3 Questions

with Hampton Sides

Hampton Sides has a famous name. The man who’s published books on the likes of Kit Carson and James Earl Ray is one of the Santa Fe celebrities the city’s denizens are proud to wave to at a gallery opening, who makes us proud when on the book jacket we read that he lives here. And he really does. Sides had just wrapped up a breakfast at Harry’s Roadhouse when SFR caught up with him for a few questions. He’s working now on a book about a major battle in the Korean War and that’s due out in the fall, tentatively titled The Reservoir. We’re elated that he agreed to serve this year as a judge for the nonfiction entries in the annual SFR Writing Contest (see cover, page 12). You can hear a little from him as he offers and introduction at 6:30 pm next Wednesday Dec. 6 at Meow Wolf (1352 Rufina Circle, 395-6369) for our Out Loud event, celebrating the contest winners.
You’ve had so much success getting published.
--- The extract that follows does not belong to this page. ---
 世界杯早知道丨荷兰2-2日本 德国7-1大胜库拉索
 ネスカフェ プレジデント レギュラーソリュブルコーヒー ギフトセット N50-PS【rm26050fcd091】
Do you have any advice for new writers who want to do the same?
The whole paying field has changed since when I was coming up. There was no internet. I know that feels impossible to believe. There are so many more ways to get published now. It’s easier than ever to get published, but it’s harder to get paid. And that’s because the internet and self-publishing and the whole phenomenon of blogs and the whole phenomena of social media have made it endlessly possible—it’s just, getting paid for it is the trick. … Yet we have more people interested in writing than ever before. It’s like they did not get the memo that it is a hard way to make a living. You know, there will always be a need for storytellers. That honestly has been the trick for most of human history. You don’t go into this profession strictly for the money.   
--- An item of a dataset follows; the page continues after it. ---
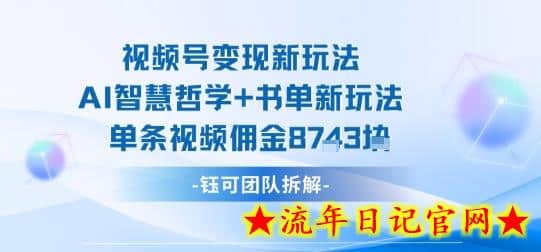视频号变现新玩法，AI智慧哲学+书单新玩法，单条视频佣金1k+-流年日记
Is getting the work in front of readers the more important mark of success?
It is really sad when a great book is published and few people read it, but it’s not the only reason you write. You write a book because something needs to be said. … So,  it’s not the only consideration, how many readers read it. But with the kind of work I do, popular history, I really want people to read my stories and keep turning pages and feel like they were having a pleasurable experience.
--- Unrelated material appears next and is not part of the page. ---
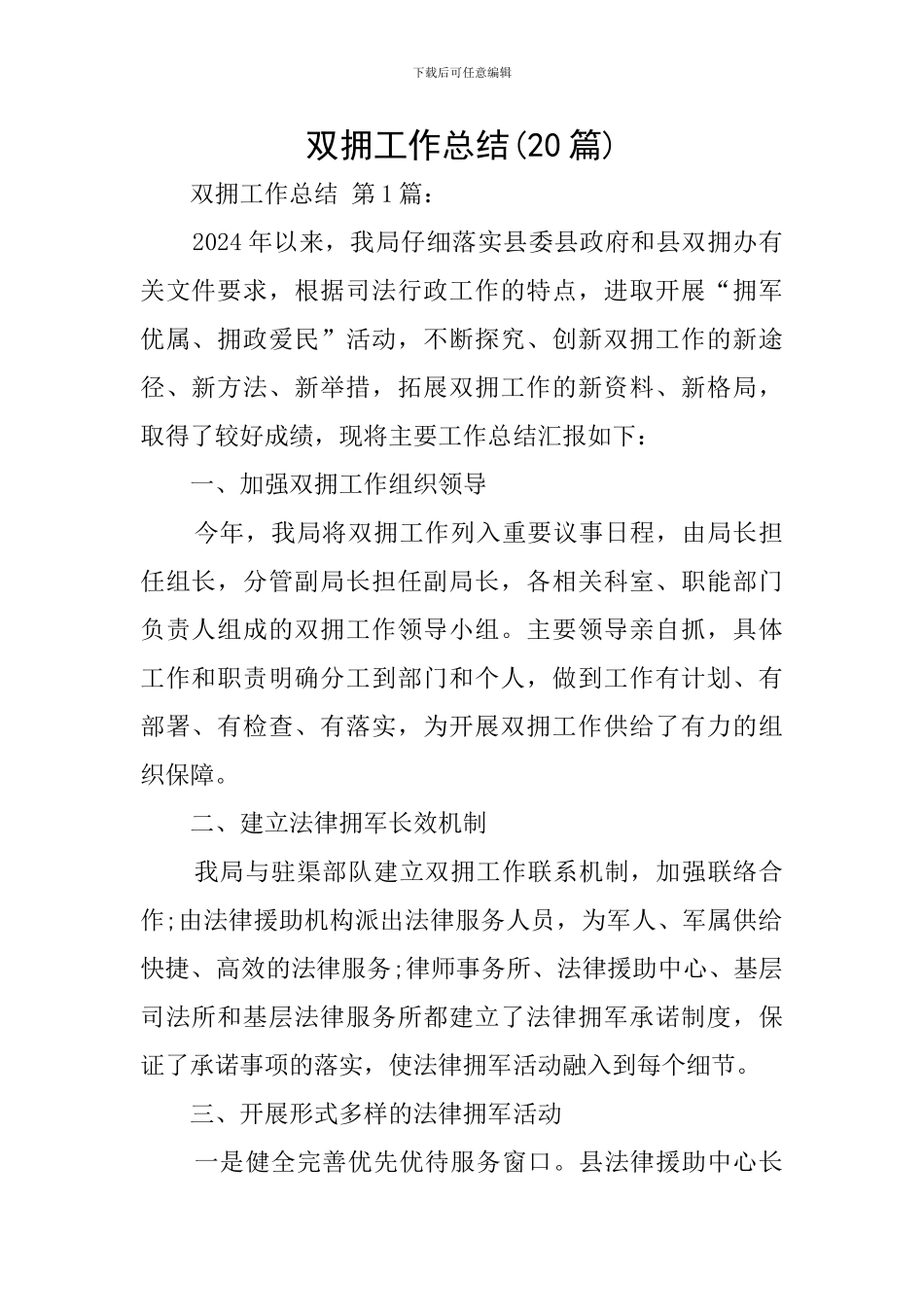 双拥工作总结_第1页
You went to really cold places when you were researching The Kingdom of Ice, about an early polar expedition. Do you typically travel as you write?
I think that is the fun part of doing this kind of history writing; it’s physically going to the place you are writing about. It gives you so much more confidence when you’re writing those passages. Even if it’s not a direct influence, you know what it feels like. … I like hanging out in archives. That is fun as well, but there is nothing that beats breathing the same air and walking on the same ground as the characters you are writing about.